Wireshark mailing list archives

Re: use of -z io,stat


From: Stuart Kendrick <skendric () fhcrc org>
Date: Thu, 30 May 2013 06:08:46 -0700

Ahhh, I see -- I was confusing frame.time_delta with tcp_time_delta

Thank you,

--sk

On 5/29/2013 2:19 PM, Sake Blok wrote:
Stuart,

If you would have used frame.time_delta, it would have worked, however, tcp.time_delta is a delta time within the TCP 
conversation, so if there are more TCP sessions at the same time, you can end up with more time delta in the io stat 
then the capture time.

Example:

Frame 1, tcp stream 0, frame.time_relative = 0.000, frame.time_delta = 0.000, tcp.time_delta = 0.000
Frame 2, tcp stream 1, frame.time_relative = 0.100, frame.time_delta = 0.100, tcp.time_delta = 0.000
Frame 3, tcp stream 0, frame.time_relative = 1.000, frame.time_delta = 0.900, tcp.time_delta = 1.000
Frame 4, tcp stream 1, frame.time_relative = 1.100, frame.time_delta = 0.100, tcp.time_delta = 1.000

Sum frame.time_delta = 1.100, sum tcp.time_delta = 2.000

Cheers,
Sake


On 26 mei 2013, at 17:42, Stuart Kendrick wrote:

I'm trying to teach myself how to use the '-z io,stat' options in tshark

I was imagining that the following would tell me how many seconds the trace covers

tshark -r sample-http.pcapng -o tcp.calculate_timestamps:TRUE -qz "io,stat,0,SUM(tcp.time_delta)tcp.time_delta"

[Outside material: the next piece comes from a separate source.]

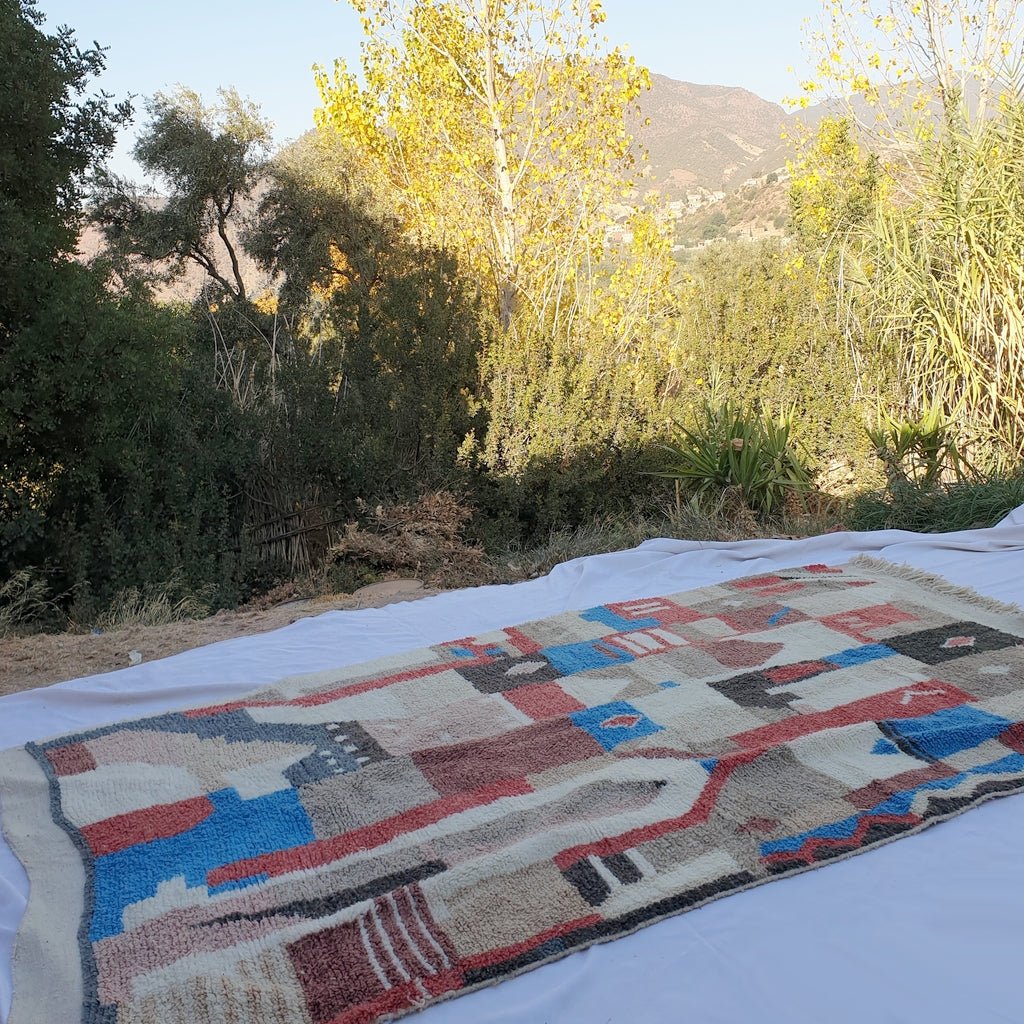 MOROCCAN BOUJAAD RUG | Moroccan Berber Rug | Colorful Rug Moroccan Carpet | Authentic Handmade Berber Bedroom Rug | 10x6'2 Ft | 304x190 cm - OunizZ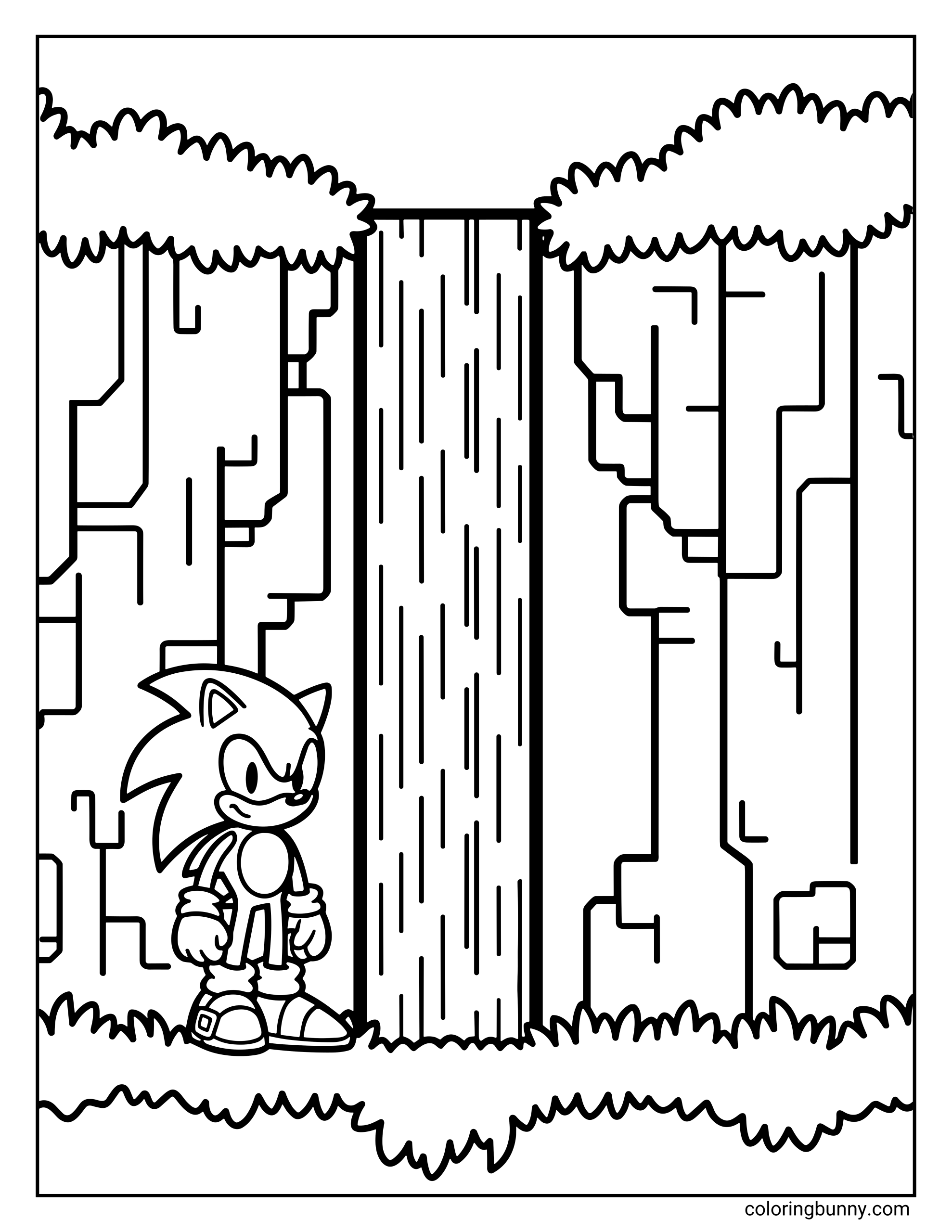 A coloring page of Sonic the Hedgehog standing proudly in front of a tall waterfall on Angel Island, surrounded by cliffs and lush greenery.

=============================================
| IO Statistics                             |
|                                           |
| Interval size: 11.1 secs (dur)            |
| Col 1: Frames and bytes                   |
|     2: SUM(tcp.time_delta)tcp.time_delta  |
|-------------------------------------------|
|              |1               |2          |
| Interval     | Frames | Bytes |    SUM    |
|-------------------------------------------|
|  0.0 <> 11.1 |    216 | 45453 | 23.817352 |
=============================================

capinfos sample-http.pcapng
File name:           sample-http.pcapng
[...]
File size:           53 kB
Data size:           45 kB
Capture duration:    11 seconds
[...]

But apparently not:  '23.817352' does not equal '11 seconds'

https://vishnu.fhcrc.org/wireshark/sample-http.pcapng
I'm using wireshark 1.10.0rc2

What am I not understanding about this '-z io,stat' feature?

--sk

Stuart Kendrick
FHCRC

P.S.

My actual use case will be more complex than this.  This trace was taken next to the Client.  
I want to calculate how much time the Client spent thinking:
tshark -r sample-http.pcapng -o tcp.calculate_timestamps:TRUE -qz "io,stat,0,SUM(tcp.time_delta)tcp.time_delta and 
tcp.dstport==80"

and how much time the Network + Server spent thinking:
tshark -r sample-http.pcapng -o tcp.calculate_timestamps:TRUE -qz "io,stat,0,SUM(tcp.time_delta)tcp.time_delta and 
tcp.srcport==80"

To give myself insights into how much of the total transaction time the Client is contributing versus that of the 
Network + Server.

But I figure that if I cannot even persuade tshark to sum every value in the DeltaT column, then I'm not ready to 
progress to the real-world use case.


P.P.S.
The Average function gives me a plausible answer:

tshark -r sample-http.pcapng -o tcp.calculate_timestamps:TRUE -qz "io,stat,0,AVG(tcp.time_delta)tcp.time_delta"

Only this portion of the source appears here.